As previously disclosed, on April 3, 2006, the Registrant received notification from The Nasdaq Stock Market (“Nasdaq”) that the Registrant’s securities would be delisted from The Nasdaq National Market at the opening of business on April 12, 2006 due to the fact that the Registrant had not filed its Annual Report on Form 10-K for the year ended December 31, 2005. Under the Nasdaq’s Marketplace Rule 4310(c)(14), the Registrant must file all reports it is required to file with the Securities and Exchange Commission (“SEC”) under the Securities Exchange Act of 1934, as amended, with the Nasdaq on a timely basis. The Registrant requested a hearing before the Nasdaq Listing Qualifications Panel (the “Panel”) to appeal the delisting notice. This request stayed the delisting pending the outcome of a hearing by the Panel. The hearing before the Panel was held on April 27, 2006. At the hearing, the Registrant informed the Panel that it did not expect to file its Quarterly Report on Form 10-Q for the period ended March 31, 2006 by the required deadline.
On May 16, 2006, the Registrant received an additional notification from Nasdaq that the Registrant’s failure to file its Quarterly Report on Form 10-Q for the quarter ended March 31, 2006 in accordance with Nasdaq’s Marketplace Rule 4310(c)(14) would serve as an additional basis for delisting the Registrant’s securities from the Nasdaq.
On May 24, 2006, the Registrant filed its Annual Report on Form 10-K for the year ended December 31, 2005 with the SEC.
On June 9, 2006, the Registrant received notification that the Panel had granted the Registrant’s request for continued listing on The Nasdaq National Market, subject to several conditions, including the condition that the Registrant file its Quarterly Report on Form 10-Q for the quarter ended March 31, 2006 with the SEC on or before June 30, 2006. The Registrant expects to file this Quarterly Report within this timeframe.

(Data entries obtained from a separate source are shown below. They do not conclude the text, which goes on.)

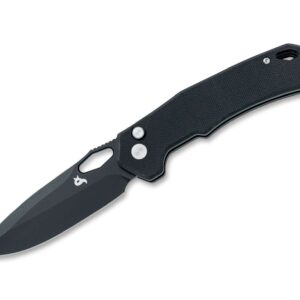 BlackFox Atros G10 All Black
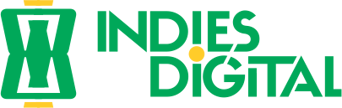 INDIES.DIGITAL logo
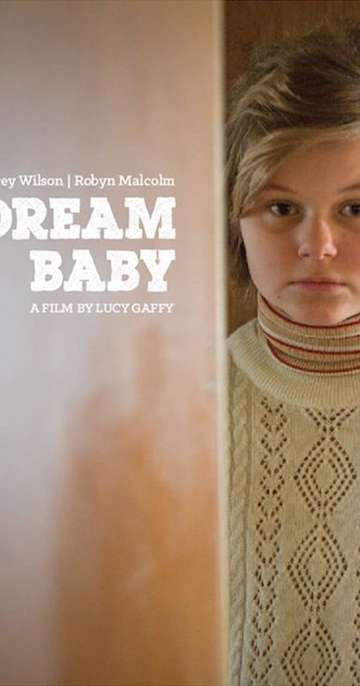Dream Baby Poster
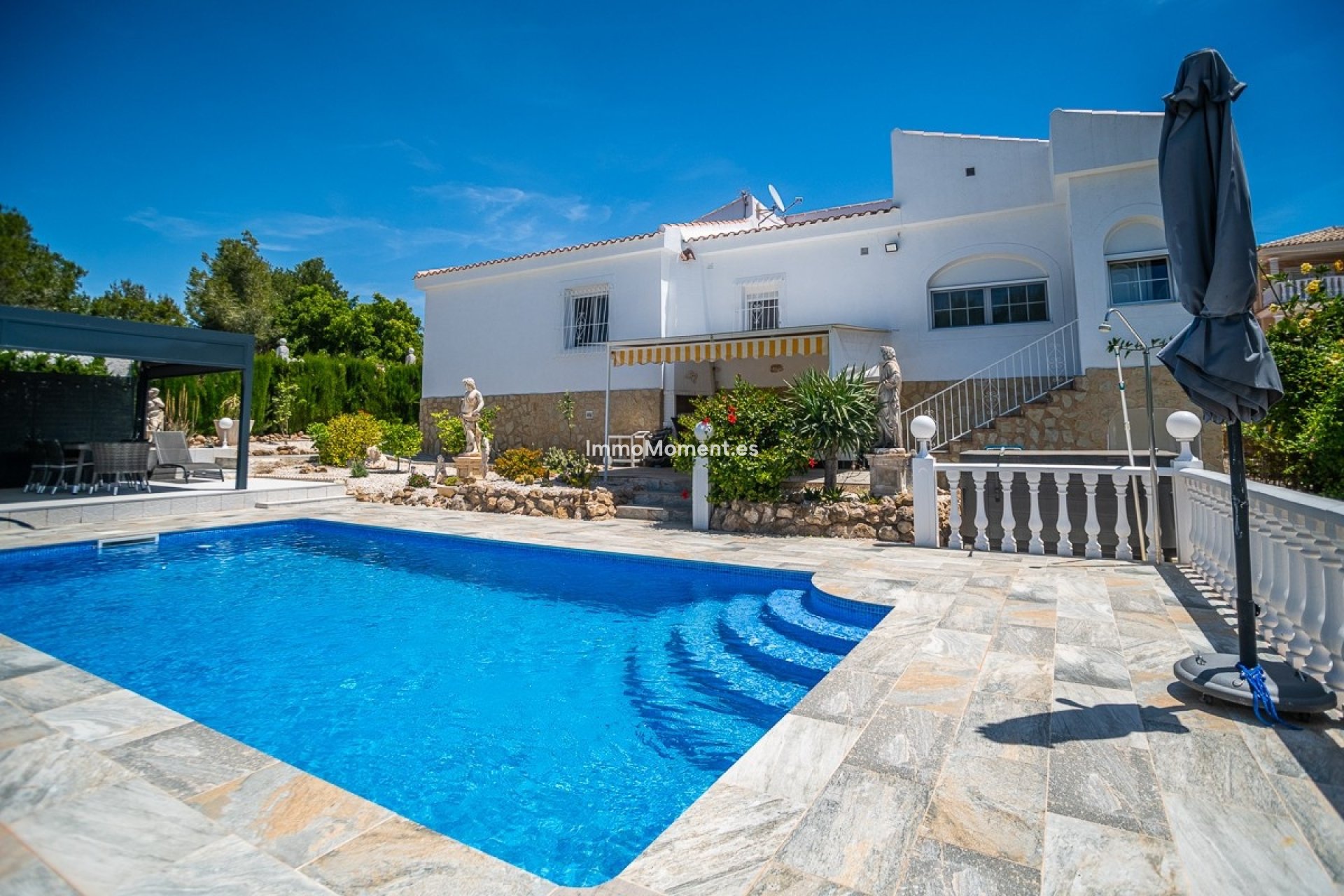 Bestaande woning - Vrijstaande villa - San Fulgencio - La Marina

Item 9.01. | Financial Statements and Exhibits. |
(d) Exhibits.
99.1 Press Release dated June 22, 2006
This press release is being furnished pursuant to Item 9.01 of this Current Report on Form 8-K and shall not be deemed “filed” for purposes of Section 18 of the Securities Exchange Act of 1934, as amended (the “Exchange Act”), or otherwise subject to the liabilities of that Section, nor shall it be deemed incorporated by reference in any filing under the Securities Act of 1933, as amended, or the Exchange Act.
SIGNATURES
Pursuant to the requirements of the Securities Exchange Act of 1934, the Registrant has duly caused this report to be signed on its behalf by the undersigned hereunto duly authorized.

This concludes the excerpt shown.